Lasciò che si calmasse, mentre lei gli accarezzava i capelli sulla nuca, un massaggio che evidentemente faceva rilassare anche lei, oltre che procurare a lui un senso di benessere che mitigava la sua persistente agitazione. Non riusciva a non pensare che poteva non andare tutto bene e questa paura che era sempre stata latente era esplosa e si era palesata quel giorno, facendogli rendere la sua situazione ancora più insopportabile. Lui voleva proteggerla, lui doveva proteggerla, solo che non era in grado di farlo e questo lo faceva sentire terribilmente inutile. E sapeva che il suo era razionalmente un discorso assurdo, perché era lei quella esperta tra i due, era lei il poliziotto, era addestrata per tutto quello. Però i suoi sentimenti andavano oltre ogni briciolo di raziocinio, e le sue carezze, il suo respiro che diventava sempre più lento e profondo, il battito del cuore che poteva sentire a contatto con il suo corpo, non lo aiutavano a ragionare in modo corretto. Avrebbe voluto correre. Prenderla in braccio e correre via, portarla da qualsiasi parte del mondo, lontana da tutto, dove sarebbero stati solo loro due, al sicuro, per sempre. Poi sapeva che lei l'avrebbe odiato, che Beckett, la Beckett che amava, non sarebbe mai stata felice in un'altra vita, che il suo posto era a New York a fare quel lavoro dove era la migliore e lui l'amava anche per questo. Ma in fondo al suo cuore, nessuno poteva impedirgli cosa voleva veramente. Metterla sotto una campana di vetro, proteggerla da tutto e da tutti, si vedeva un po' come la Bestia che proteggeva la sua rosa. Se Kate avesse potuto leggere i suoi pensieri l'avrebbe odiato in quel momento, ne era certo. Sapeva che lei non era qualcosa di così fragile ed indifeso, però in quel momento tutto quello che sapeva razionalmente non trovava spazio nella sua mente e nei suoi desideri.

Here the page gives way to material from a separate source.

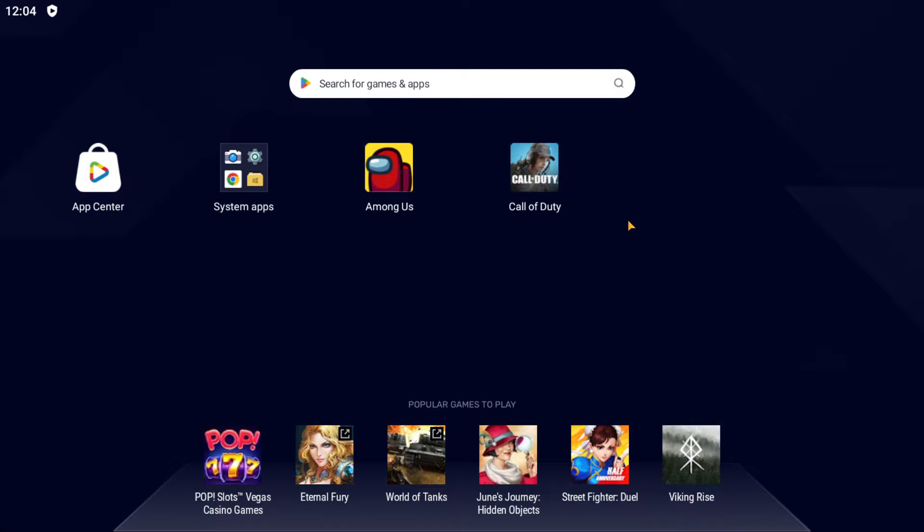What's up guys and welcome back to our channel. In today's video we're going to talk about Bluestacks app player. I'm going to show you how you can successfully disable and remove ads from this amazing PC application.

- Sicura di stare bene? Non sarebbe meglio che resti qui, almeno questa sera... - Le chiese spostandole una ciocca di capelli dal viso, attento a non farle male e mentre la sfiorò pensò che sì, la stava trattando proprio come quella rosa, per fortuna lei non poteva saperlo.

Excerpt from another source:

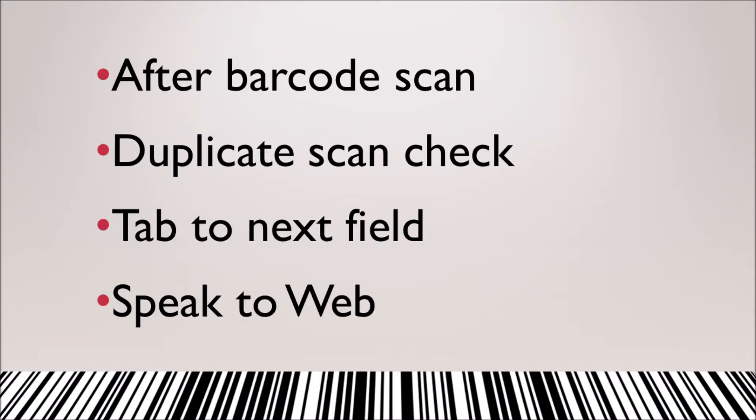This is our demonstration of all the major features, including after barcode scan, duplicate scan check, tab to next field, and speak to web.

- Sto bene. Voglio solo andare a casa, fare un bagno e poi stendermi sul letto, vicino a te. - Gli diede un bacio sulla guancia prima di alzarsi eludendo un blando tentativo di Castle di tenerla ancora lì. L'avrebbe portata lui all'auto, non si doveva preoccupare, a qualcosa almeno poteva servire. Avvertì, invece, la sensazione di leggerezza nel momento in cui Kate si alzò. Ne rimase turbato, perché non si aspettava quella reazione e non riuscì a nascondere la sua sorpresa, almeno non a Kate.

- Tu, invece, sei sicuro di stare bene? - Gli chiese una volta in piedi davanti a lui, mentre lo squadrava dall'alto in basso con un ritrovato sguardo indagatore.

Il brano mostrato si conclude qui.